Ben Okonkwo: Exactly — so that's where the second engine kicks in. Network effects. A telephone is worthless if nobody else has one. The value compounds as adoption grows, which actively lowers the barrier for the next cohort. That's what drives the steep acceleration phase — the inflection point becomes self-sustaining because utility itself is climbing.
Jonathan Ingles: Critical mass. Once you hit it, the curve basically runs itself.
Ben Okonkwo: Right. But then — and this is the part I think actually explains the compression data in that 1860-to-2019 household dataset — the third engine is complementary infrastructure. Electricity didn't just need wiring. It needed appliances. The network and the ecosystem had to co-develop, which... I mean, that takes time. Physical time.
Jonathan Ingles: The last-mile problem. Landlines took nearly a century precisely because you needed physical copper to every dispersed household. Smartphones had a cellular network that already existed. Two completely different constraint profiles.
Ben Okonkwo: Which means Rogers' five segments — innovators at two-and-a-half percent, early adopters at thirteen-and-a-half, and so on — they're sitting on top of all three of these engines simultaneously. But the taxonomy treats each person as making an individual decision. And once network effects are doing the heavy lifting, that assumption starts to feel... actually, no, it doesn't just feel odd — it might be structurally wrong.
Ben Okonkwo: So that's exactly where Christensen lands, actually. The 1992 paper — disk drives — managers inside the industry, with real-time sales data, still couldn't tell where they sat on the curve. Not because they were incompetent. Because the curve itself doesn't... I mean, it doesn't announce its own inflection point while you're living through it.
Jonathan Ingles: Wait. Insiders couldn't read it in real time?
Ben Okonkwo: That's his finding. And his distinction is important — component S-curves versus architectural S-curves. A component technology hitting its ceiling gets masked when someone reconfigures the whole architecture. Two separate curves, moving independently.
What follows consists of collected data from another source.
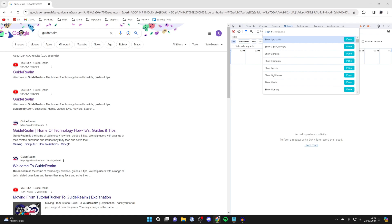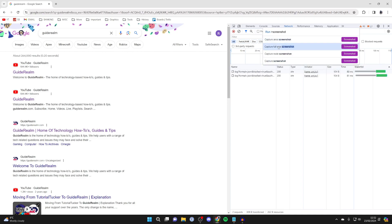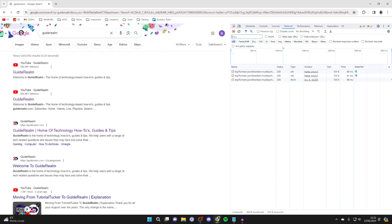Then type in 'screenshot,' and you'll see these different options. If you want to take a full-size screenshot including all of the scroll, click on Capture Full Size Screenshot.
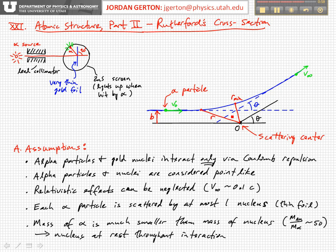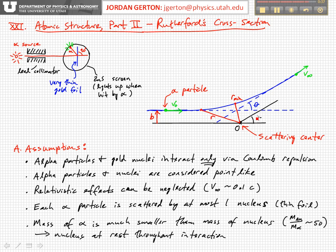Before it gets to R_min, we say it's in the incoming channel — approaching the scattering center. Then it's on the outgoing channel, receding from the scattering center. This alpha particle will be scattered through an angle theta, as indicated, and far away where our detector is.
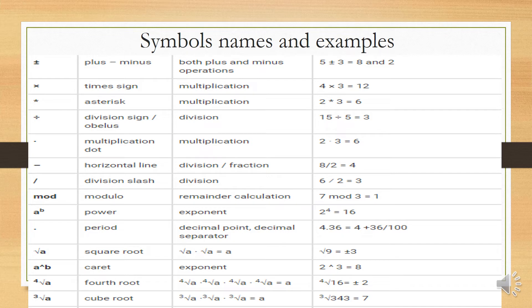The horizontal line is used for division or fractions. Example: 8 over 2 equals 4, meaning 8 divided by 2 is 4. Another division symbol is the division slash (/). Example: 6 slash 2 equals 3 — that's division also.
Managers were tracking the wrong one.
Jonathan Ingles: Okay, so if insiders can't locate themselves on the curve with actual data in hand — what does it mean when a policy brief says we're 'early on the S-curve' for some energy transition? That's not analysis. That's a political claim wearing a framework.
Ben Okonkwo: Right, and the Brendon Tankwa INET Oxford paper names this directly — six recurring errors, and near the top is exactly that: projecting current trajectory to a confident end-state the data doesn't actually support. The ceiling isn't in the curve.
Jonathan Ingles: That's the laundering move. 'Inevitable' because S-curve — but the curve never said inevitable. Someone added that.
Ben Okonkwo: And the compression data makes it worse, because — ChatGPT, three months to a hundred million users. Rural electrification, decades. Bank of America cites these side by side as proof of acceleration. But those aren't commensurable phenomena. One has zero marginal cost, no last-mile problem. We might be calling two completely different processes by the same name and then forecasting the second using data from the first.
Jonathan Ingles: And Geoffrey Moore names the exact moment where that breaks down. The chasm — the gap between early adopters and the early majority — that's where most technologies just... die. Quietly. And the S-curve, the one everyone's citing, it's built from the survivors. The ones that crossed. So the framework is, by construction, a portrait of success. It doesn't contain the failures.
Ben Okonkwo: Hm. Survivor bias baked into the empirical foundation.
Jonathan Ingles: Which means — look — it's validated across railroads, electricity, telephones, the internet, smartphones, yes. Robust descriptively. But the policy brief that says 'trust the curve' is drawing on a dataset that, by design, excluded every technology that stalled in the chasm. I don't know what to do with that, actually. I keep turning it over. The best tool we have for escaping linear thinking about adoption is... honest about its own limits in a way that nobody using it seems to be.